Scheduled a meeting with your reps?
Please post it on our events calendar.
Suggested reading on the supplemental:
Are We Politicians or Citizens? by Howard Zinn
UFPJ Talking Points: Opposing the Iraq Supplemental & Iran Threats by Phyllis Bennis
CODEPINK is asking that we stop the purchase:

Don't Buy Bush's War! "CODEPINK believes that not one more dollar should be appropriated for continued war and occupation, and will continue to push the position that Congress should only fund the safe, orderly and rapid withdrawal of all troops by the end of this year." Read more of CODEPINK's response to the passing of the supplemental bill. We will continue our broad and exciting Don't Buy Bush's War Campaign. We need to flood the offices, halls, sidewalks and streets of Congress with people opposed to the war from now through this Fall. We're asking for your help to get people to Washington DC and to do similar actions locally. CALL CONGRESS: we're also asking you to call and email your member of Congress telling him or her to stop buying Bush's war. Watch the Washington Post's film about this campaign.

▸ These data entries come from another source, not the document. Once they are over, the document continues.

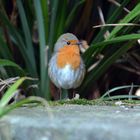 Rotkehlchen (Erithacus rubecu) meine bessere Seite.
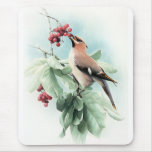 Berries To Eat mousepads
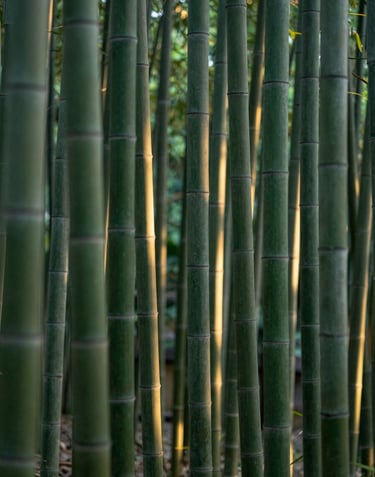 An ethereal vertical shot of a bamboo forest at dusk. Soft green and deep emerald tones dominate the palette, with light catching the natural curves of the bamboo stalks.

Those who don't see the urgency in ending the war quickly should read
Deborah Sontag's (New York Times) article on Iraq veteran Sam Ross who returned from Iraq blind and missing a portion of his left leg and was left to address mental and emotional issues arises from his time in Iraq and his injuries with no help or assistance from the government that so gladly sent him into an illegal war.

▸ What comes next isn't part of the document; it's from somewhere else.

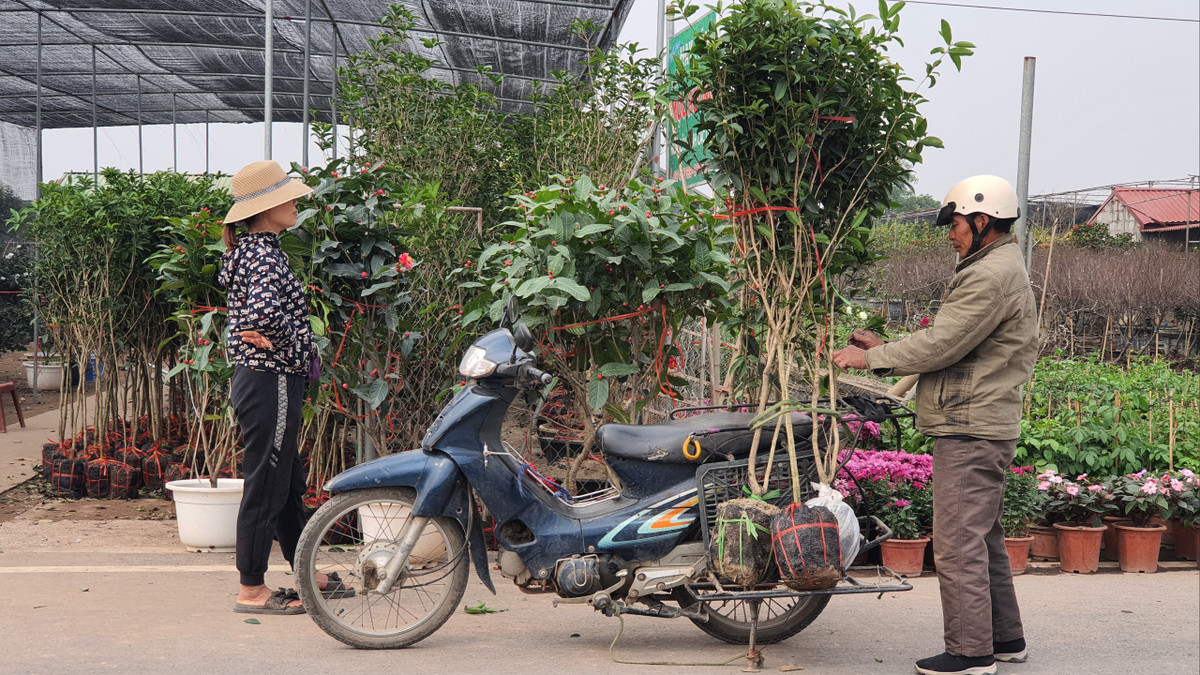 Rất nổi tiếng ở làng hoa là cây Mộc Hương, đây là loại cây chủ đạo, được người dân ươm, trồng quanh năm. Giá cây giao động từ 60 nghìn - 220 nghìn cây con giống, cho đến 800 nghìn những thân lớn hơn, có thể trồng làm cảnh, trang trí ngay sau khi mua.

Finally, though the plan is still to address the idiotic article in The Nation (
noted last Friday), Bernadine Dohrn (writing at CounterPunch) has already done so: "Christopher Phelps has written a timely but ultimately disappointing article in The Nation about the vibrant and growing student movement. He transforms the tough challenges of movement-building into a set of tepid forumulas about what not to do. The new wave of student activism in American and around the world is a hopeful development worthy of our active participation and respect." As noted last week, for those not interested in musings from the faux set, check out Doug Viehmeyer's article "Steppin It Up: The New SDS" (LeftTurn) about the SDS.